When you’re a stranger..
      …
and also when you’re not at all.

So, I’ve been doing some auctioning on a site called TopHatter.com. It’s a live auction. You sit and watch people bid on the item you have on the block. I enjoy it. I rarely have items that don’t sell. You never really know what people are in the mood for, however, and so sometimes they don’t sell for as much as I’d like. Sometimes it’s more than I ever could have hoped for. It’s a gamble where I get to use my art as the ante. Since I always start the bidding with at least the cost of materials, the only thing I have to lose is my time, if it sells. And I’m willing to put in a lot of time.

It’s interesting to note, however, the rise and fall of the general population. It’s always a question when watching the auctions, “What are they in the mood for today?” Since you have to schedule your auction at least 4 days in advance, you can’t know. But sometimes, you get lucky.

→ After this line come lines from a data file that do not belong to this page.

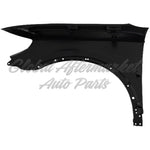 FENDER FR RH W/O SIDE LAMP HOLE STEEL — photo 4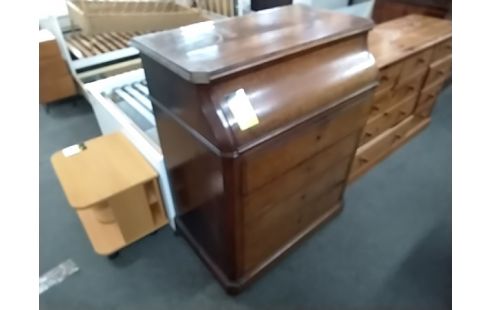 MEUBLE DE TOILETTE ANCIEN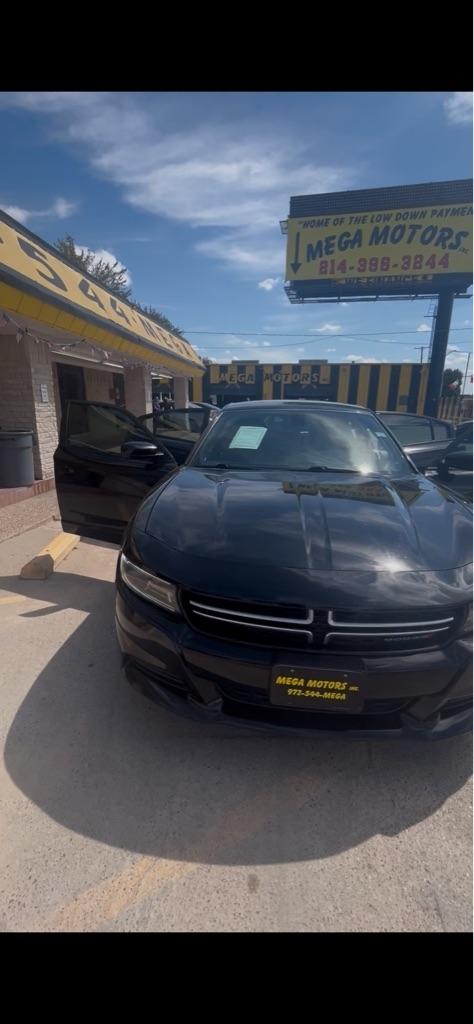 Dodge Charger  2015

It makes me consider people in general, and the auctioning starts to become people watching. “How much are they willing to pay?” “Why would they pay so much, or so little?” I had a sweet lady send me a picture of where one of my pieces was going to hang. It was not what I expected, but pleasantly so. She also described where a second piece she bought is going to sit, and I had the good fortune to make the piece with that in mind. However, this is rarely the case, and I wonder – “What will happen to this piece once it’s shipped?” More out of interest than anything. Auctioning has been amazing for my business, but I do feel a little put-out that I don’t get to meet my buyers. Again, I need to start attending craft shows. Until then, though, I’m making a game and a learning experience out of auctioning. Asking my questions, speculating, and then selling the thing I think most people would want to buy. Keep making the items that seem popular, and try to read into growing trends.

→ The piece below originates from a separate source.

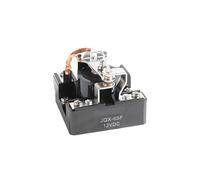JQX65F-1C 150A Power Relay, Open-Type, 1Z, High-Current Switching Relay for Machine Tools, Stabilizers, and Transformers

One thing I’ve noticed that isn’t as popular as jewelry, but fetches a much higher price, is original art. Even prints sell fairly well. Those are the people I wish I could meet the most. I’ve never been one to buy art myself, but watching and talking to the bidders who do buy it is making become more interested in purchasing some for myself. An original piece can sell in the 100’s, and I would imagine something that consistently sells that high must be worth a looking into. What can someone else’s fine art do for me? Perhaps I’ll buy some and see what happens.
As for selling it, however, I know what that does for me. I’ve never before thought of selling the art that I wanted to make. Something that wasn’t created with anyone but myself in mind. Something where I can actually express myself as freely as I want to….and people will pay for it. I’ll take it!
I sold my first mixed media altered canvas for $30. Definitely on the lower end, but then why am I so thrilled? Probably because I was basically paid to enjoy myself. Something else that has a market – fine photography prints. Well, looky there! Something else I absolutely love to do. Never before has living off of my art been an actual consideration. Artists always die poor, and usually drunk, in alleys, right? Maybe not anymore…maybe I could be an artist. With the internet came a whole new avenue of publicity, exposure, and profit. Am I being materialistic about it? Of course, because I’m trying to make a living just like anyone else, and the question on if I can do that or not has to be answered with another – will it sell? So I’m pouring into research about these people who live on doing what they love.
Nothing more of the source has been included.